1. Photons hit the photodiode
Ideally, the photodiode would emit one electron for each photon that arrives, but this is not the case in real sensors—some photons do not register. The success rate of converting photons to electrons in a photodiode is called the quantum efficiency and for digital cameras this figure is usually within a range of 30-50% (see here for a list of quantum efficiency ratings).
2. Electrons stored in a well as an electric charge
The electrons that are emitted by the photodiode are collected during the exposure time and stored in a well as an electric charge. The well will have a maximum storage capacity beyond which the pixel will register as pure white and, in some cases, may result in blooming, where charge overflows into surrounding pixels.
3. Amplification and conversion to Analogue-to-digital units (ADU)
Once the shutter is closed, the charge in the well is released and amplified depending on the ISO setting. This amplified charge is then converted into a digital unit. The relationship between the number of electrons and the number of analogue-to-digital units is called the gain (expressed in electrons/ADU or e-/ADU). Gain halves as we double the ISO number. So, for instance, if the gain at ISO 100 is 7.6 e-/ADU then at ISO 200 it will be 3.8 e-/ADU and so on. The term gain is, in a sense, a bit of a misnomer given how it is expressed (inversely proportional to the ISO); however, it makes more sense when you think of it in terms of amplification of the initial signal which is proportional to ISO.
Remember, the ultimate aim of the sensor is to convert the photon reading into an ADU. For a 16-bit camera this means assigning a value between 0 and 65,535 to each pixel. This is the RAW value from which the camera (or computer software) can run its algorithms to assign a colour.
In a perfect sensor, if the same number of photons arrived at two different pixels the final ADU output would be identical. Unfortunately, this is not the case. Minor variations in quantum efficiency and voltage fluctuations at different points in the circuitry mean that there are deviations from photon values to final ADU output. This is referred to as read noise and is typically the main source of electronic noise.

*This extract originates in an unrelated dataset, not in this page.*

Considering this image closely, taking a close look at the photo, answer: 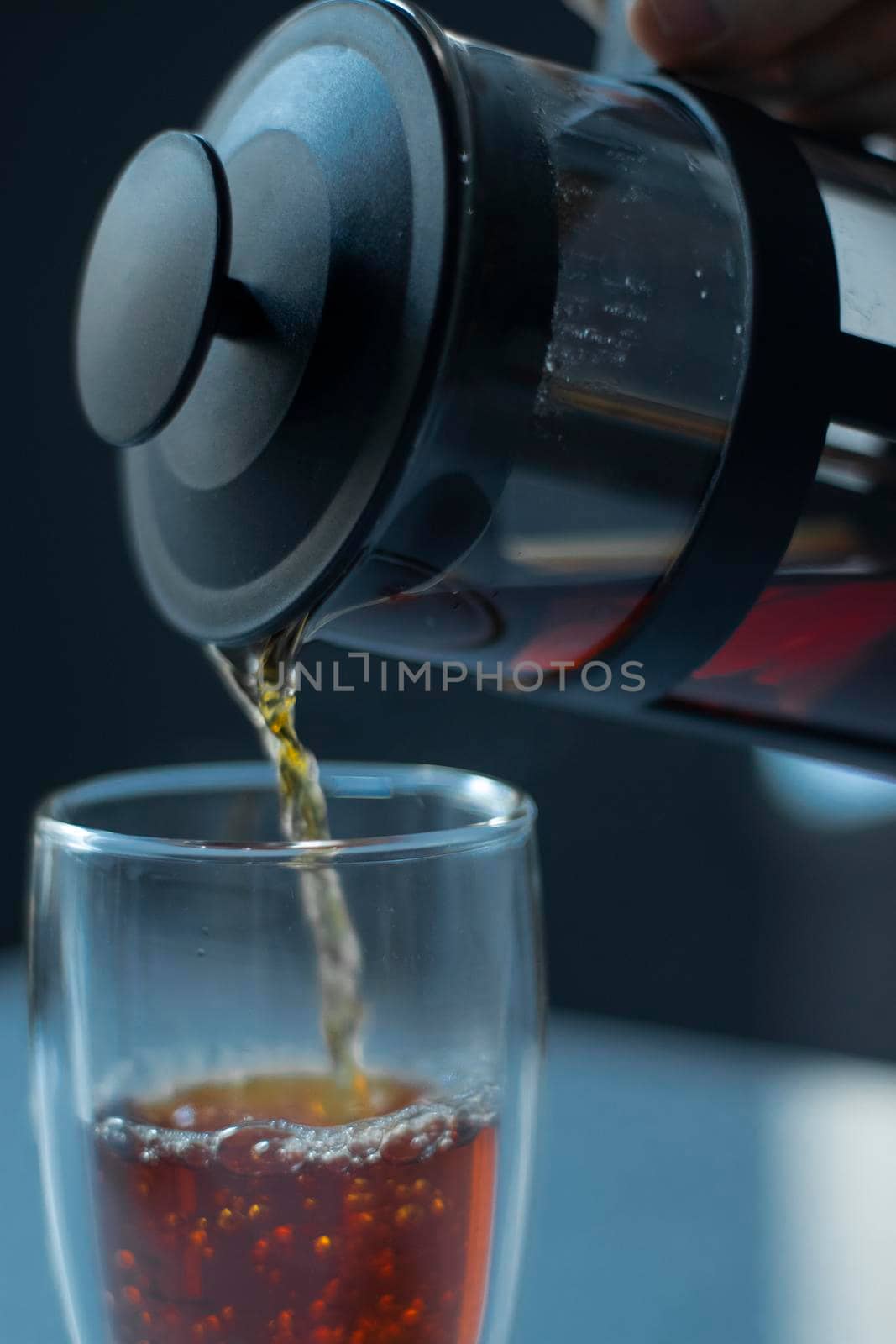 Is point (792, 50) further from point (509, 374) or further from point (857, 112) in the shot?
point (509, 374)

Another culprit, thermal noise, exists because of the very small electrical current that flows through the photodiodes even when no photons have reached the sensor, called the dark current. This can release electrons to the well and is an unwanted signal which increases with exposure time (hence dark noise is primarily a concern for astrophotographers). In its most extreme form it can lead to hot pixels—pixels whose wells have become fully saturated with electrons due to the presence of dark current.
Technically speaking, the electrons produced because of dark current are not noise but unwanted signal. And because this unwanted signal is a repeating pattern it can be addressed in-camera by taking a dark frame (an exposure without opening the shutter), assessing the pattern of the unwanted signal and deleting it from each picture. However, the unwanted signal itself is subject to random variations so cannot be entirely eliminated—and what remains is, technically speaking, noise.